Tuesday, September 28, 2010

Working on large datasets in OrientDB

I was really busy in the last 5 days because I'was working in a huge rewriting of the RB+Tree algorithm that is behind the OrientDB index system. All is started some days ago when in the OrientDB Group the user Mark Harwood was sharing the first experiences in the import of the entire Internet Movie Data Base (IMDB) inside an OrientDB instance. We're talking about 13 millions of Vertices and about 8 millions of Edges.

Well, performance seemed good, specially in comparison with Neo4J, but the insertion time was not-linear and after some millions of records the engine slow down a lot. Furthermore a nasty bug in the management of multiple segments broke the import job after some minutes in his machine while on my PC all went correctly.

This is the reason why I stopped the development of the Cluster feature in favor of a strong review of the RB+Tree algorithm. Indexing has been alway fast, but the Mark Harwood's case stressed the engine as no one did until now. The reason is in the import process itself that executes random reads into the index while the RB+Tree seemed optimized for sequential insertion and retrieval.

I'm fixing all the pending issues but first benchmarks show a speed improvement in Indexing between 100% and 800%! Furthermore times now are really linear.

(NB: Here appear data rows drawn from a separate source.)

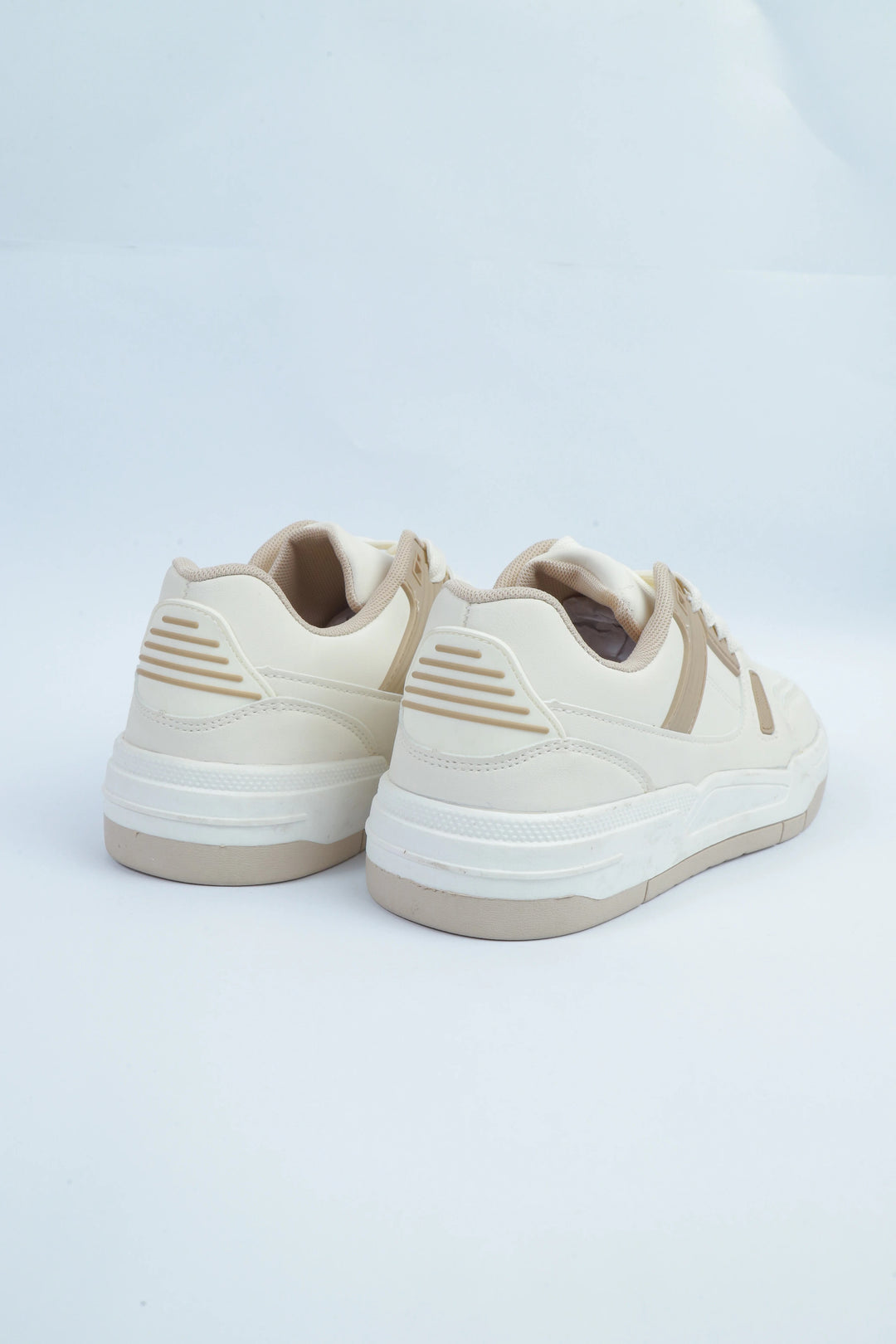 White/Mashroom Premium Jogger Sneakers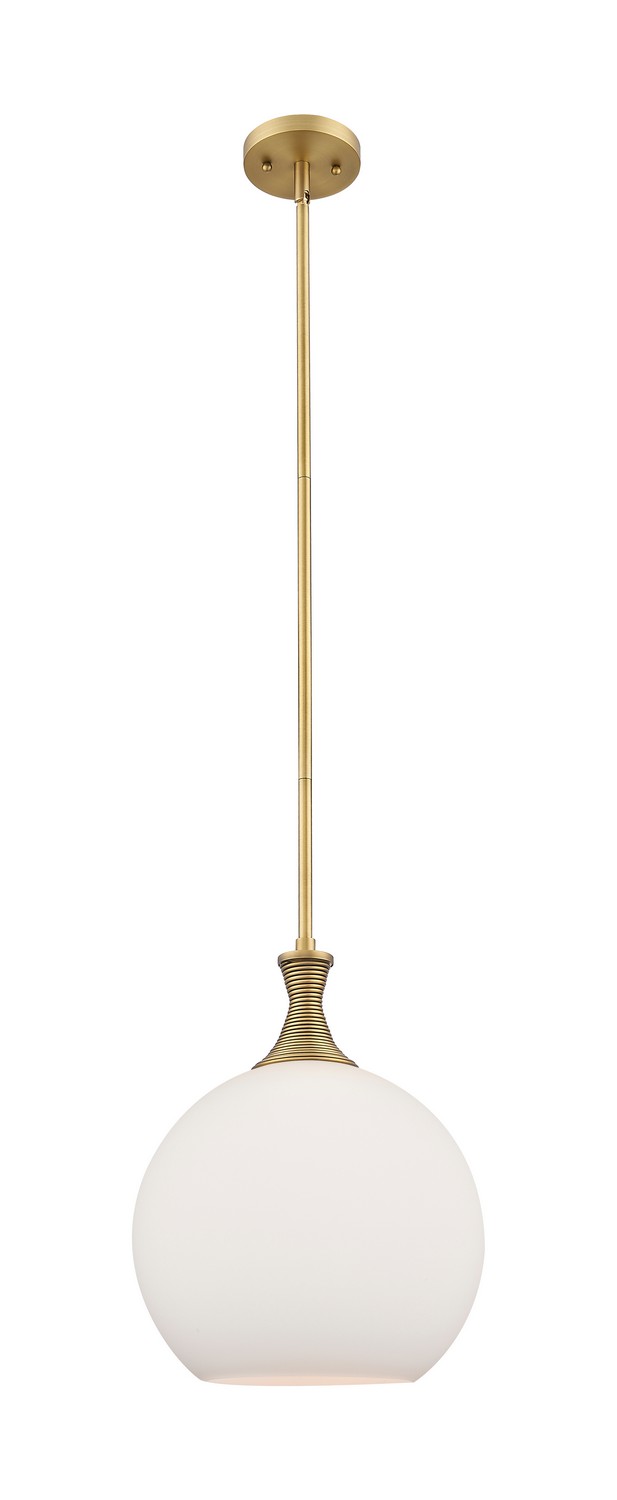One Light Mini Pendant by Innovations - Ballston Collection, Brushed Brass Finish - 415-1S-BB-G121-12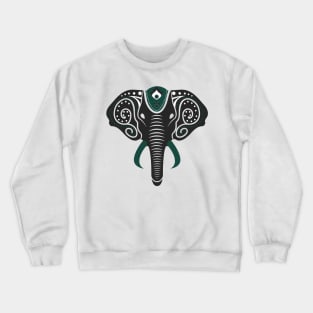 Geometric Mandala Elephant Teal Henna Design Teal Crewneck Sweatshirt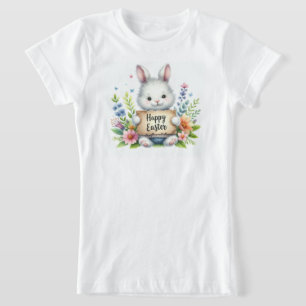 Cute Easter Bunny Holding a Happy Easter Sign T-Shirt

Inserting the first millions of Vertices is the same of the last million. This is a big result to the already super-fast OrientDB engine.

Once finished the test phase (with new Unit tests, of course) I'll commit all the changes in SVN to be reviewed by the community before the next release.

4 comments:

valerio said...

Hello Luca,
good job!
It would be useful to the community, especially to produce fair benchmarks against other platforms, if you could share the full IMDB dataset, or provide a link to download it (or how to retrieve it from the source).

Thanks,
valerio

Luca Garulli said...

IMDB snapshots are available directly from the official site:
http://www.imdb.com/interfaces

I'd like to compare OrientDB performances with others with the same use case.

seralf said...

hi is it possibile / have you plan some benchmark on OrientDB as a triple-store? I mean: in order to have a comparizon on numebers of triples instead of numbers of edges?

Alfredo

Luca Garulli said...

Nothing of official. Why don't start some benchmark by your own? What RDF triple store are using now?

Lvc@